Some French readers objected to my calling the FTC the “most powerful privacy regulator in the world.” Others objected to my comparing the FTC to a “super CNIL”; others pointed out that Facebook’s market value increased after announcement of the fine, so the FTC’s sanction must have been too low. The purpose of my article was not to defend the Facebook settlement on the merits, but to explain how the FTC got there. The article draws on an article on the FTC and the New Common Law of Privacy by Professors Daniel J. Solove and Woodrow Hartzog, which explains how the FTC transformed the words “unfair and deceptive practices” in Section 5 of the FTC Act into a full corpus of privacy law, on par with many parts of the 1995 Data Protection Directive, and now the GDPR. Gaps remain, of course. A recent Op-Ed by Jessica Rich highlights the challenges faced by the FTC, and the huge gaps left open by the 100-year-old FTC Act. After reading Ms. Rich’s article, I would probably no longer call the FTC the “most powerful privacy regulator in the world.” But it is important for Europeans to understand how much the FTC has done to apply the FTC Act’s consumer protection language to new threats raised by massive data processing. The European Commission’s second annual review of the Privacy Shield framework does justice to the FTC’s work, noting the FTC’s enforcement program and its activities in fields such as algorithmic decision-making.
Of particular interest for Europeans is the FTC’s creative use of settlement orders. The FTC Act does not give the FTC direct sanctioning authority for violations of the “unfair and deceptive practices” rule. As pointed out by FPF CEO Jules Polonetsky, this is a big statutory gap that should be filled. Under current law the FTC needs to bring (or ask the DOJ to bring) a separate action in court. However, the FTC Act does give the FTC the right to impose penalties for breaching a prior consent order. The reason the FTC could act forcefully against Facebook in 2019 was that Facebook violated provisions of a previous settlement, signed in 2012. Settlement orders also permit the FTC to impose ongoing accountability and reporting obligations. When I tell privacy students in France that the FTC’s audit and reporting obligations under settlement orders last for 20 years, they are amazed – for digital businesses, 20 years is an eternity.

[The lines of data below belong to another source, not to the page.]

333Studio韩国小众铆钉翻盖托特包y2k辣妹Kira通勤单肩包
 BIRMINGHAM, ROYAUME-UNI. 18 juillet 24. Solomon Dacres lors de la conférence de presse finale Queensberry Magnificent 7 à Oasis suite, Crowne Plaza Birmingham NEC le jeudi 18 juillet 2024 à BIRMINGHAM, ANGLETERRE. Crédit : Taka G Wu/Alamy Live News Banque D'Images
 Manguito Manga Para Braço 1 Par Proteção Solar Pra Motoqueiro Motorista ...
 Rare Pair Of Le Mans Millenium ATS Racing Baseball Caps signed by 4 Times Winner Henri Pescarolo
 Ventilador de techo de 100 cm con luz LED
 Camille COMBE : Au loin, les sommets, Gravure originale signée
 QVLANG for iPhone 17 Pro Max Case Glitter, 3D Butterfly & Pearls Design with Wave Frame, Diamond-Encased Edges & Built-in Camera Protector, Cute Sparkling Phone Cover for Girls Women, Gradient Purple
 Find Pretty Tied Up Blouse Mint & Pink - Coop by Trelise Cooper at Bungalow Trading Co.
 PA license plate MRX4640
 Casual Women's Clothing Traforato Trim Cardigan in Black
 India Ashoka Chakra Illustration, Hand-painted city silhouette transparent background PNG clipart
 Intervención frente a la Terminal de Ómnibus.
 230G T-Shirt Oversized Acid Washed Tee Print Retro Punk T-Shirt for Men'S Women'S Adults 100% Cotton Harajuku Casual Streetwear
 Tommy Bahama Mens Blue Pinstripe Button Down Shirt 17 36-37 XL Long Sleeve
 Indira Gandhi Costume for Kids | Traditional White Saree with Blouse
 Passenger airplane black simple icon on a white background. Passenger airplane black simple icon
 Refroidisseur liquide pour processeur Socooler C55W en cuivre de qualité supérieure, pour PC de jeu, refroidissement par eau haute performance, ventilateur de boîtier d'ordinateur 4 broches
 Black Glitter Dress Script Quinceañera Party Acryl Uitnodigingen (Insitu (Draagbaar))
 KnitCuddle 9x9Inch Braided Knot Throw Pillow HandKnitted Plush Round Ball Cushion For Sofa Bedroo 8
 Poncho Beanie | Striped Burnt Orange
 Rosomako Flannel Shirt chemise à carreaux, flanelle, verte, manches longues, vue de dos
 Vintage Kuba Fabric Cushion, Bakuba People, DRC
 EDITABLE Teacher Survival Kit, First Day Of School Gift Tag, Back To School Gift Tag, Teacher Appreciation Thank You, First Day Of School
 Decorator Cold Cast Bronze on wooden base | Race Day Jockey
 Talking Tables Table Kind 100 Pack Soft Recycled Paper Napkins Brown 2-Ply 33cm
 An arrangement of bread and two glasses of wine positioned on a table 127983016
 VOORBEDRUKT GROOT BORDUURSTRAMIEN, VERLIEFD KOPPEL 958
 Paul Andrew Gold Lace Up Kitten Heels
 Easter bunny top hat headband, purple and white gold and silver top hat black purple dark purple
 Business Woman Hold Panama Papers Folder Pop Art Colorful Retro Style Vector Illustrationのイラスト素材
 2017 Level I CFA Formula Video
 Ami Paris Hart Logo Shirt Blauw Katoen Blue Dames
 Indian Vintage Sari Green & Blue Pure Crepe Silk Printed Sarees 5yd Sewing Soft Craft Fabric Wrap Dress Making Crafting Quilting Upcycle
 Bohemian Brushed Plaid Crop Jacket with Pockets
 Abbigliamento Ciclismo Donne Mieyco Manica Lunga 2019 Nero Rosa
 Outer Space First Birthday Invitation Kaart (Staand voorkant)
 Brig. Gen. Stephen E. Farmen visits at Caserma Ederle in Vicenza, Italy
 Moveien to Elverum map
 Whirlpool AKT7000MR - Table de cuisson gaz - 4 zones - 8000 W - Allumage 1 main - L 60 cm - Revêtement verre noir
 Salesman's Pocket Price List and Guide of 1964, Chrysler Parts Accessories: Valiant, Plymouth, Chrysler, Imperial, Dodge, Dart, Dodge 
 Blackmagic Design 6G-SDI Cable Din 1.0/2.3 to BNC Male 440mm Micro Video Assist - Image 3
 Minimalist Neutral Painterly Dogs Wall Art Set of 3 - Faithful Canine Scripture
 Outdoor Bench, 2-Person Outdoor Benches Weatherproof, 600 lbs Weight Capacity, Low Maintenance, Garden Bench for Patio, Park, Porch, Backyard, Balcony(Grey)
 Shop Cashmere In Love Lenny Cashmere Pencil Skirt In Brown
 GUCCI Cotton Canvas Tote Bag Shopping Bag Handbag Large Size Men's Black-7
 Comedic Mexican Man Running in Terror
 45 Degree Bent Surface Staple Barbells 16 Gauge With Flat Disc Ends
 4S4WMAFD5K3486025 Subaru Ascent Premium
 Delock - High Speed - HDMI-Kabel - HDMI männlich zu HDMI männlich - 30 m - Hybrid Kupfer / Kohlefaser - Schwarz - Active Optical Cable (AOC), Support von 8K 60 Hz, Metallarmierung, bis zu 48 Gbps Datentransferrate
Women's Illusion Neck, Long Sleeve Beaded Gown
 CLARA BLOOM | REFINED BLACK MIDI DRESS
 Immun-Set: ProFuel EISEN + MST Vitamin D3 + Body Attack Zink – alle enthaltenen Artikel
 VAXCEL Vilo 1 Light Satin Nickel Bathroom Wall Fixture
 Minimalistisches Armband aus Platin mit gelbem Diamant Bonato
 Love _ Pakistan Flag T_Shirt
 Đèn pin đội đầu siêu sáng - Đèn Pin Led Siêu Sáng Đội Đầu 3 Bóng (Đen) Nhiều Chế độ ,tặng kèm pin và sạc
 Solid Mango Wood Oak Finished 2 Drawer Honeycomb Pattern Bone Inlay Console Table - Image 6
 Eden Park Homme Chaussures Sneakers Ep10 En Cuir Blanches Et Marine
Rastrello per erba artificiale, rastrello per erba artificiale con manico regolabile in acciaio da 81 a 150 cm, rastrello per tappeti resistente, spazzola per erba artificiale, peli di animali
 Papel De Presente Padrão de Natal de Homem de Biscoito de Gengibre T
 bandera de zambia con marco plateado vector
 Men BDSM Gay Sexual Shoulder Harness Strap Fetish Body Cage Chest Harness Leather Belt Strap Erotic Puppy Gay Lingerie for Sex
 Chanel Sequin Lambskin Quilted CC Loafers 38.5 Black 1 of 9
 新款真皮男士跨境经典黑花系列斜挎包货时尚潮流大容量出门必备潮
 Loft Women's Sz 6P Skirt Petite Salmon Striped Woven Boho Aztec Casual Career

Christopher Wolf and I have tried for years to dispel the impression in Europe that the U.S. lacks any effective privacy protection outside of special sectors like health care. While it’s true that the U.S. does not have anything close to a GDPR, the FTC’s recent fine shows that the FTC can do a lot with little, sometimes going beyond the GDPR. Obviously there are limits on what the FTC can do under the FTC Act, particularly when it comes to prohibiting certain business practices that might be challengeable under the GDPR but are not challengeable under current U.S. legislation. Federal privacy legislation would help fill the remaining gaps and give the FTC the resources it needs to be more effective.
Yet Europeans can still learn from the FTC’s existing playbook. Settlement orders are frequent for competition law violations in Europe (they are called “behavioral commitments”), but so far nonexistent for privacy violations. Article 58 of the GDPR might be improved to expressly allow data protection regulators to accept behavioral, or even structural, commitments in the context of sanction proceedings.[1] Another interesting aspect of the Facebook settlement order is the FTC’s requirement that Facebook’s CEO, Mark Zuckerberg, sign a personal attestation. This measure is inspired by anti-corruption laws, which frequently require senior officers to sign attestations. The attestations increase the risk of personal liability and might add a useful layer to the GDPR’s already impressive array of accountability tools.
Whatever one thinks of the Facebook fine, it is by far the largest fine ever imposed for a privacy violation. And the 20-year-long governance and reporting obligations are far from trivial. Those in Europe who continue to think that the U.S. has no privacy laws should read the 2019 settlement order and the European Commission’s second review of the Privacy Shield framework, which together paint a more accurate picture of the U.S. situation.
Winston Maxwell is Director, Law and Digital Technology, for TELECOM Paris.
[1] A resourceful DPA could potentially include something that resembles commitments in a sanction order under the GDPR, and that may or may not be valid. My point is just that unlike competition law, European privacy law does not envisage commitments as a standard tool in the regulator’s toolbox.
Digital Deep Fakes
Why are they deep?
What are they faking?
What does it mean for the rest of us?
Co-authored by William Marks and Brenda Leong
Introduction
Nicholas Cage played Lois Lane in a Superman film. Nancy Pelosi drunkenly slurred her words on stage. Barack Obama claimed Killmonger, the villain in Black Panther, was right. And Mark Zuckerberg told the world that whoever controlled data would control the future. Or did they?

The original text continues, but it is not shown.